GCSE Link: None

Regular expressions provide us with a concise language to describe patterns in strings.

Each regular expression (or regex) describes a set of strings (which can be finite or infinite) that follow some given pattern. Regular expressions are made up of literal characters (like a, Z or 1) and meta-characters (special symbols) which can be used on the literal characters.

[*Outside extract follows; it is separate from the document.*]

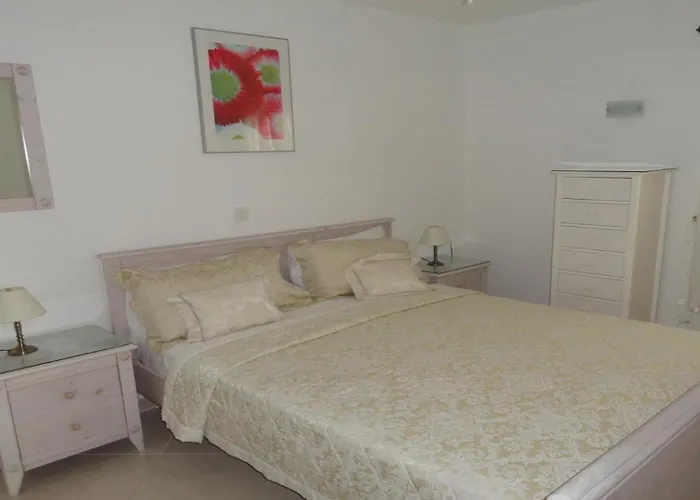 Spacious 3-bedroom *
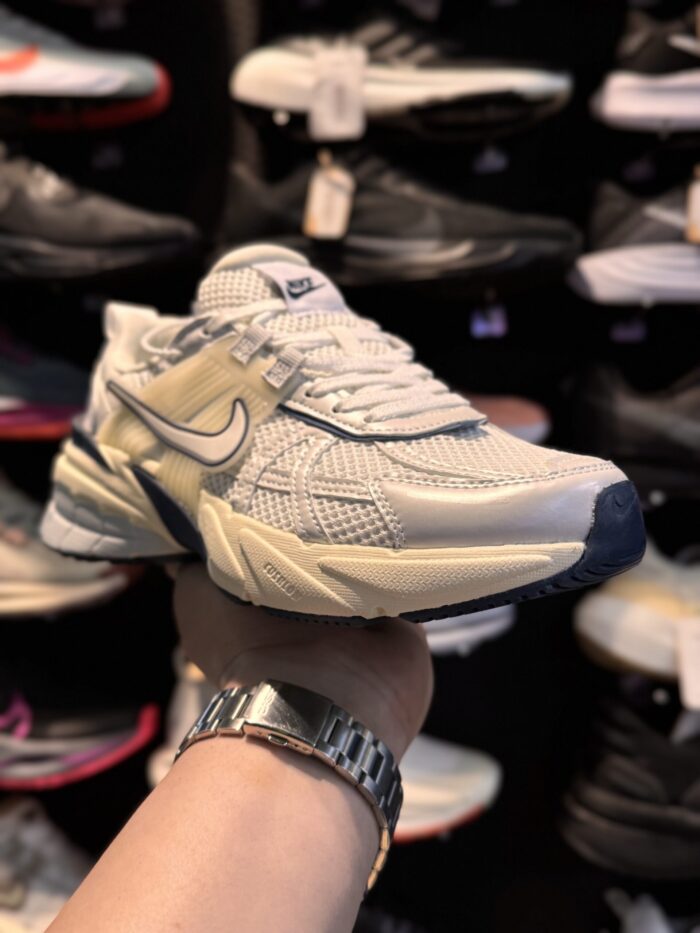 کتونی Nike V۲K #۴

Table 1 shows the functions of the meta-characters.

Table 1

Meta-character Function Examples
+ Match the previous character/group one or more times a+{"a", "aa", "aaa", ...}
ab+{"ab", "abb", "abbb", ...}
a+b+{"ab", "aab", "abb", "aaab", "aabb", "abbb", ...}
* Match the previous character/group zero or more times a*{"", "a", "aa", "aaa", ...}
ab*{"a", "ab", "abb", "abbb", ...}
a*b*{"", "a", "b", "aa", "ab", "bb", "aaa", "aab", "abb", "bbb" ...}
? Optionally match the previous character/group (i.e. either zero or one times) a?{"", "a"}
ab?{"a", "ab"}
a?b?{"", "a", "b", "ab"}
| Match either the left hand side or the right hand side a|b{"a", "b"}
a|b*{"a", "", "b", "bb", "bbb", ...}
aa?|b+{"a", "aa", "b", "bb", "bbb", ...}
() Creates a matching group (ab)+{"ab", "abab", "ababab", ...}
(a|b)*{"", "a", "b", "aa", "ab", "ba", "bb", ...}
(a?|bb)+{"", "a", "bb", "aa", "abb", "bba", "bbbb", ...}


We've now learned about two different ways of representing sets of strings: finite state machines and regular expressions. It turns out that they are equivalent: it is possible to convert any regular expression to a finite state machine and vice versa.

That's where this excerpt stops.